The National Weather System (NWS) called for an “early season major winter storm” to continue impacting the Northern Plains into Friday night as an “anomalously cold air mass” was expected to remain over the central part of the country.

“Heavy snowfall across the Northern Plains will continue” Friday night “into Saturday as the storm system will slowly exit the region,” the NWS said. “…A very cold air mass has spread across the Western and Central U.S., and widespread record lows remain likely again on Saturday morning for many locations from the Southern/Central Plains to the Great Basin.”

In the Midwest, Dawn fell 8.5 cents to $1.645.

Working gas in storage at the Dawn Hub reached a record five-year high at 261 Bcf Thursday, 15 Bcf above year-ago levels, according to Genscape analyst Anthony Ferrara, who said this tops the previous five-year high of 260 Bcf recorded in November 2017.

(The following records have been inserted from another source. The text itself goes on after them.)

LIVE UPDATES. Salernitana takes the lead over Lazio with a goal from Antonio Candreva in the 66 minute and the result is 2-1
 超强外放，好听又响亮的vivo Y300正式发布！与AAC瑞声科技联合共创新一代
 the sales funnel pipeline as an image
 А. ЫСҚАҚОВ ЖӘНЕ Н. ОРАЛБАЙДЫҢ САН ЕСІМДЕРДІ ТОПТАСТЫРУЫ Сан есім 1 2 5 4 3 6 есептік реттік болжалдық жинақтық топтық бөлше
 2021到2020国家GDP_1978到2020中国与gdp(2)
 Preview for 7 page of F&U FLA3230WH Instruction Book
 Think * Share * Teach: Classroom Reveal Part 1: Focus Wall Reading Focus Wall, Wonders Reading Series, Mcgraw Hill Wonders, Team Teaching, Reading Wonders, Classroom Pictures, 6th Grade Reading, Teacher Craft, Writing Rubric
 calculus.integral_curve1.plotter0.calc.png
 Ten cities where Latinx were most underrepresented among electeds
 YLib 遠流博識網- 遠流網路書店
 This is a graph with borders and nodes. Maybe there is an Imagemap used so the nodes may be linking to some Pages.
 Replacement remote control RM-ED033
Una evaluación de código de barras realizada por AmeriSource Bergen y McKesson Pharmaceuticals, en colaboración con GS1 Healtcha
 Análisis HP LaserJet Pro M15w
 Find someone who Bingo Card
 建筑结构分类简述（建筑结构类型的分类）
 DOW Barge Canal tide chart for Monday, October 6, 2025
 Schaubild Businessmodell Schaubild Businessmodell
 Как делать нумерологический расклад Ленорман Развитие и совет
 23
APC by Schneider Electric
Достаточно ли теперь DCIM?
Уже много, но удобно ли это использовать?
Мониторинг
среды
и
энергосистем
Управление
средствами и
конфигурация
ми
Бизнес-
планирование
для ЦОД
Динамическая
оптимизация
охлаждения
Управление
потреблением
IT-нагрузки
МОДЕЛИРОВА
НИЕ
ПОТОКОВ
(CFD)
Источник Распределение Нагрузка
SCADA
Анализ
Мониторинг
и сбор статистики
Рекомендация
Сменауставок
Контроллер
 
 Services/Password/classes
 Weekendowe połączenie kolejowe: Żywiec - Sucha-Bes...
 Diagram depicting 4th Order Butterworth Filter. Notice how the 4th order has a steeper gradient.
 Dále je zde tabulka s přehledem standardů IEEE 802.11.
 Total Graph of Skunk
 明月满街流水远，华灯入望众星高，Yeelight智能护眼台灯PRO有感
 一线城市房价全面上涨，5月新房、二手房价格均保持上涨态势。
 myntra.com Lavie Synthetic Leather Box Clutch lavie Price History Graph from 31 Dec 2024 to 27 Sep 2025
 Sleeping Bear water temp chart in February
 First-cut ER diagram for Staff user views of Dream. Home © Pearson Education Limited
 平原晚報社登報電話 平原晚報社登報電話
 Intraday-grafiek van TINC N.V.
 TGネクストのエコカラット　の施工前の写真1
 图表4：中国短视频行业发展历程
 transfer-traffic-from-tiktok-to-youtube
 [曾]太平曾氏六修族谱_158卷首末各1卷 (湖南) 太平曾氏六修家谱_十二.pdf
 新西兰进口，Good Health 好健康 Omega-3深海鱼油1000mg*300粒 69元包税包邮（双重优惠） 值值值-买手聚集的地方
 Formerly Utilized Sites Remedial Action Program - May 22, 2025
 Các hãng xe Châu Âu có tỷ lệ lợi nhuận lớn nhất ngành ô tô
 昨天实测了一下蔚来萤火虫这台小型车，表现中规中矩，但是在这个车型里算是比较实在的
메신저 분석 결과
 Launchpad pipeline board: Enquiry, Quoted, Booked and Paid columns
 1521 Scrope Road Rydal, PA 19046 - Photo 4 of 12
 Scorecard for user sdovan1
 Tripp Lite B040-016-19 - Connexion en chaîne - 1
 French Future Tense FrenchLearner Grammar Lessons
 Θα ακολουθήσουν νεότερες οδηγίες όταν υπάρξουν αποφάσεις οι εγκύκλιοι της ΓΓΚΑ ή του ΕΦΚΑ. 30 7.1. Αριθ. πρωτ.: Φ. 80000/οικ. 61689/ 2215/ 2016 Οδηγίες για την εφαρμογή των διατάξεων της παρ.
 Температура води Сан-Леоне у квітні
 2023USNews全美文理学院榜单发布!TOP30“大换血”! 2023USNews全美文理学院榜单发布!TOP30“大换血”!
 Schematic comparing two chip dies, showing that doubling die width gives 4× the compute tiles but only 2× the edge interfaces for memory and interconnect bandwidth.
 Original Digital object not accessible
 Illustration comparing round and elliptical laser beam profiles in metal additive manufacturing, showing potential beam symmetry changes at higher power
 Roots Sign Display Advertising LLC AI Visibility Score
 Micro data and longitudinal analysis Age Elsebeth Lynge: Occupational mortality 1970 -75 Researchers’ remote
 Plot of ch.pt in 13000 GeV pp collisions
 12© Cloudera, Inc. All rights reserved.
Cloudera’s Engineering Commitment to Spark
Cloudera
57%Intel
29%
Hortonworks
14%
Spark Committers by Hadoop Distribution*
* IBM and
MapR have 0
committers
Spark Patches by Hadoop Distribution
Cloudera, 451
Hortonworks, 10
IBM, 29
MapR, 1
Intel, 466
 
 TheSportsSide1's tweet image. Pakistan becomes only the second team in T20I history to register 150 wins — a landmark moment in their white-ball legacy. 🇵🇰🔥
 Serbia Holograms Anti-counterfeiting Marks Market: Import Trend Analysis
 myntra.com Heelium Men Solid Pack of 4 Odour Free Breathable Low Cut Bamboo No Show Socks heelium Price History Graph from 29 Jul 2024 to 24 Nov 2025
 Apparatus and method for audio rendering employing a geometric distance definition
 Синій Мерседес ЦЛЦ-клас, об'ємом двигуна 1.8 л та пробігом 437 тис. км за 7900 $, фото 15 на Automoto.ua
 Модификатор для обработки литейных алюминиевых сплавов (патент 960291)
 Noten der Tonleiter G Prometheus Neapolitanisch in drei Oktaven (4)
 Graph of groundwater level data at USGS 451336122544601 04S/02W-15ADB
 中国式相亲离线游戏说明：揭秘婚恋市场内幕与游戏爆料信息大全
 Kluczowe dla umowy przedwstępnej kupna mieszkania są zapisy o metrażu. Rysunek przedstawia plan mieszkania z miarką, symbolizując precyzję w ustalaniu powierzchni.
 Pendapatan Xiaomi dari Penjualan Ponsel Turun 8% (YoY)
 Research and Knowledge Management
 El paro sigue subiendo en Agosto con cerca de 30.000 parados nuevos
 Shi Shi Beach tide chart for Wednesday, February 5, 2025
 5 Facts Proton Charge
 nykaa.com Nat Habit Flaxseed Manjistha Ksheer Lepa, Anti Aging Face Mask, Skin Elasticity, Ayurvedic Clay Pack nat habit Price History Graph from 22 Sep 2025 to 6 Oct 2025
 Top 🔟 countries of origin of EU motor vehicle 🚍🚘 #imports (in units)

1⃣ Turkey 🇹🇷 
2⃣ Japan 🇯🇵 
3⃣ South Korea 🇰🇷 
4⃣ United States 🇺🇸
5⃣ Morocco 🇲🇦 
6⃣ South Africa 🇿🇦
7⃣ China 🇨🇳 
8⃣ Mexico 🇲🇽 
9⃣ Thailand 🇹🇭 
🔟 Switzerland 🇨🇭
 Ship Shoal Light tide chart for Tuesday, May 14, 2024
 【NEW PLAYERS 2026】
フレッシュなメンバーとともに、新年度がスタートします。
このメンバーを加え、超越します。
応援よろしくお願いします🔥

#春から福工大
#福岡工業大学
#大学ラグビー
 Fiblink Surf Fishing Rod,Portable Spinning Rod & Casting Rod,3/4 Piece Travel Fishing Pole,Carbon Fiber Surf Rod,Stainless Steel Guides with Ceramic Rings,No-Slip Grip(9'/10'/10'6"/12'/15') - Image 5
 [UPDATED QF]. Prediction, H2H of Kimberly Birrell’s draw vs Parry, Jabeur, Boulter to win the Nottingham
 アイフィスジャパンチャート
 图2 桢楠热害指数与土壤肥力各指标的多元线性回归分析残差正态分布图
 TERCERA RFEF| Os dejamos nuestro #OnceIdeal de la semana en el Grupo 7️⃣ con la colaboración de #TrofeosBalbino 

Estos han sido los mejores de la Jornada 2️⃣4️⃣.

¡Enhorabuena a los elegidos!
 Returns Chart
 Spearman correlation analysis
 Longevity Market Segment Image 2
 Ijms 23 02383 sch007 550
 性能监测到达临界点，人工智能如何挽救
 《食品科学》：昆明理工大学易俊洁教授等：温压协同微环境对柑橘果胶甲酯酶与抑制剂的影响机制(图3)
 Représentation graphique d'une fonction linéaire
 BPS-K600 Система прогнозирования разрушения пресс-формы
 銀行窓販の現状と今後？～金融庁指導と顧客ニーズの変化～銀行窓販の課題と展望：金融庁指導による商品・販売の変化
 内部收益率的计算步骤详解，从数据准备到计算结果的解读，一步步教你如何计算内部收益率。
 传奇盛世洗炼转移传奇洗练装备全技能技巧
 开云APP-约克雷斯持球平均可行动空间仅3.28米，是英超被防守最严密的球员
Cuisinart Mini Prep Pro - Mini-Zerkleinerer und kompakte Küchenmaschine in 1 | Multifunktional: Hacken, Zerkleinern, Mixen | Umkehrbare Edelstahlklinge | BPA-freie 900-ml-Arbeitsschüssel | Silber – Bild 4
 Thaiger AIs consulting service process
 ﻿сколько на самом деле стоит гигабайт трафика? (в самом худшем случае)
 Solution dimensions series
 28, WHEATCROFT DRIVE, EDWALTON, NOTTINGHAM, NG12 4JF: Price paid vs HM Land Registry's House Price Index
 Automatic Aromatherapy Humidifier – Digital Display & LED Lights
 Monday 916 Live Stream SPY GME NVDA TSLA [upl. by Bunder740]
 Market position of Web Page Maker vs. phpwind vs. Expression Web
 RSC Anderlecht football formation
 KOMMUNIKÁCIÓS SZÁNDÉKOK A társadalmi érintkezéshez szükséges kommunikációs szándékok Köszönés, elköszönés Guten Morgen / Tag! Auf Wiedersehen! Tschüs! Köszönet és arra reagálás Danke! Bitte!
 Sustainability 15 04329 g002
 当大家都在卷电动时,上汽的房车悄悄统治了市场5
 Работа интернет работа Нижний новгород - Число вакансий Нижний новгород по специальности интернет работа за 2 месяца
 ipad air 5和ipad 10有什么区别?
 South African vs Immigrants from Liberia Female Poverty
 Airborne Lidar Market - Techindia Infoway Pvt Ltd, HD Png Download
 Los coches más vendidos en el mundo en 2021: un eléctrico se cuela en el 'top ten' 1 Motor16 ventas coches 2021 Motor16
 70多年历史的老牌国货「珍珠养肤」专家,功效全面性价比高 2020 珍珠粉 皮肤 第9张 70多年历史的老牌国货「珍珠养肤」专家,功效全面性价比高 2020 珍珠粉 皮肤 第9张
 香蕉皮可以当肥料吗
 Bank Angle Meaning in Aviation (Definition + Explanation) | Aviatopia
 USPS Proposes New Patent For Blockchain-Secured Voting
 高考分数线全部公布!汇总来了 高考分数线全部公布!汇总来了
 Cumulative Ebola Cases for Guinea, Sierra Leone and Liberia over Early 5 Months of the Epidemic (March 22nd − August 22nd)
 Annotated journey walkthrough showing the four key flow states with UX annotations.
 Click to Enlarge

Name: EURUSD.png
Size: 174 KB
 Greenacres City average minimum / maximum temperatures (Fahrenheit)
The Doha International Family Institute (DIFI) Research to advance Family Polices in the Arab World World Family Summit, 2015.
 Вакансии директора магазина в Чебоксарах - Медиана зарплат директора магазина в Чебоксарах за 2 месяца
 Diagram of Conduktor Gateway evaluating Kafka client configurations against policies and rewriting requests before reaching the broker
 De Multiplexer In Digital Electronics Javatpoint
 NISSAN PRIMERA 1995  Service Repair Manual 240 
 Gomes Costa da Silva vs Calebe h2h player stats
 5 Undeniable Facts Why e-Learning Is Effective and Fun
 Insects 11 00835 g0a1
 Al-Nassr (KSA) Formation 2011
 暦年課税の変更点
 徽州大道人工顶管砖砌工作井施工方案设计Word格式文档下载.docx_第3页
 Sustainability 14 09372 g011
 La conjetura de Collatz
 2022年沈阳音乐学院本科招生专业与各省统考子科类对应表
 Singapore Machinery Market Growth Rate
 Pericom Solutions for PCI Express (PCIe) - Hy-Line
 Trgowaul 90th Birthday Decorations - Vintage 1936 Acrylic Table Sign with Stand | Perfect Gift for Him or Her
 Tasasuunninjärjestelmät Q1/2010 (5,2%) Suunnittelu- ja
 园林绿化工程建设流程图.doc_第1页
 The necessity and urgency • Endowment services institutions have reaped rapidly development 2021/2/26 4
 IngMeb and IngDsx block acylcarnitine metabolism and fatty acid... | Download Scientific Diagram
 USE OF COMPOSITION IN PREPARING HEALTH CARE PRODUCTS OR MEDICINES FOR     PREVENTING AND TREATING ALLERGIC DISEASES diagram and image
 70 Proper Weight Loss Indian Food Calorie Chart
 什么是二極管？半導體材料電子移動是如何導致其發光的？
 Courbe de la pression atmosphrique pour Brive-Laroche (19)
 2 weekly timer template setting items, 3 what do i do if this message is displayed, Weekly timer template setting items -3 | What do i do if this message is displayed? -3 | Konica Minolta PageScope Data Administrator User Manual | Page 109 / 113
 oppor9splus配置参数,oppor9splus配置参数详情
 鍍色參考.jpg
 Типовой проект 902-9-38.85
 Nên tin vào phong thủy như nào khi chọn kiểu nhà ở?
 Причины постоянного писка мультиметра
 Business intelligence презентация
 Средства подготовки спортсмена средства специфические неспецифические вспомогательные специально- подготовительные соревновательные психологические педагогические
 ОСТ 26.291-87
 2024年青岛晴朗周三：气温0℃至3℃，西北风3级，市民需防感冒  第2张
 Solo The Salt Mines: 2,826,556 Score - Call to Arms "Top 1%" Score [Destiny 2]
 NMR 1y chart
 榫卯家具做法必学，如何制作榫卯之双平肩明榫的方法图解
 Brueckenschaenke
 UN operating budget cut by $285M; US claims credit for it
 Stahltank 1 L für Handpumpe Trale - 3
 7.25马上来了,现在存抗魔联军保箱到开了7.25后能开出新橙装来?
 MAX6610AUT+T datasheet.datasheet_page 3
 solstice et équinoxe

“Storage levels blew past the five-year average back in mid-August,” the analyst said. “…Dawn has had an incredibly strong injection season so far this year, with potentially more to go. Withdrawals from Dawn historically begin in the late October to early November time frame.”

In the Northeast, where Maxar’s Weather Desk was looking for near-normal conditions over the weekend and into Monday, including average temperatures in the upper 50s to low 60s in Boston and New York City, prices fell sharply.

Algonquin Citygate tumbled 45.5 cents to $1.305.

In the West, discounts were widespread as prices continued to moderate following weather-driven gains earlier in the week. Opal plunged 51.5 cents to $1.760 heading into the weekend, while PG&E Citygate, subject to import restrictions from maintenance this month on its Redwood Path, eased 8.5 cents to $3.110.

After pre-emptively shutting off power to more than 700,000 customers due to severe winds creating an elevated risk of wildfires in its territory during the week, Pacific Gas & Electric Co. reported late Thursday that it had restored power to about 426,000 customers, with about 312,000 still without power. The utility posted an update to social media Friday afternoon stating that it had restored power to 74% of customers affected by the safety shutoff.